They way the function works is that it iterates over the captures in the LambdaScopeInfo
and creates a FieldDecl and an initializer for each capture.

ExprResult Sema::BuildLambdaExpr(..., LambdaScopeInfo *LSI) {
  ...
  for (unsigned I = 0, N = LSI->Captures.size(); I != N; ++I) {
    const Capture &From = LSI->Captures[I];     
    ...
    // Form the initializer for the capture field.
    ExprResult Init = BuildCaptureInit(From, ImplicitCaptureLoc);

    // FIXME: Skip this capture if the capture is not used, the initializer
    // has no side-effects, the type of the capture is trivial, and the
    // lambda is not externally visible.

    // Add a FieldDecl for the capture and form its initializer.
    BuildCaptureField(Class, From);
    Captures.push_back(Capture);
    CaptureInits.push_back(Init.get());
    ...
  }
  ...
  Class->setCaptures(Context, Captures);
  ...
  LambdaExpr *Lambda = LambdaExpr::Create(..., CaptureInits, ...);
  ...
}

The captures and the initializers are put into 2 separate lists in the same order, so they
have the same indices, while the fields are directly constructed into the class.

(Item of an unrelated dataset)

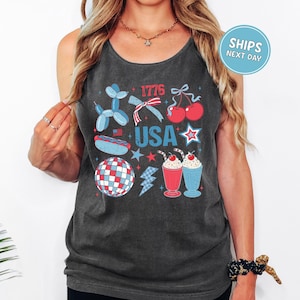 USA Retro Tank Top 4th of July Shirt USA Flag Coquette Tank USA Comfort Colors® Tank Fourth Of July Independence Day Retro America Tank Top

FieldDecl *Sema::BuildCaptureField(RecordDecl *RD, const sema::Capture &Capture) {
  ...
  FieldDecl *Field = FieldDecl::Create(..., RD, ...);
  ...
  RD->addDecl(Field);
  ...
}

void DeclContext::addDecl(Decl *D) {
  addHiddenDecl(D);
  ...
}

void DeclContext::addHiddenDecl(Decl *D) {
  ...
  if (FirstDecl) {
    LastDecl->NextInContextAndBits.setPointer(D);
    LastDecl = D;
  } else {
    FirstDecl = LastDecl = D;
  }
  ...
}

The FieldDecls are stored in a linked list, where the new Decl is inserted to the end.
That means, the captures, the initializers and the FieldDecls have the same order and
the same index at this point.

Later the capture list is passed to the class, and the initializer list is passed to
LambdaExpr::Create(). In both cases the same simple linear copy is performed, so the
indices keep their original order. The fields are already in their final place and order.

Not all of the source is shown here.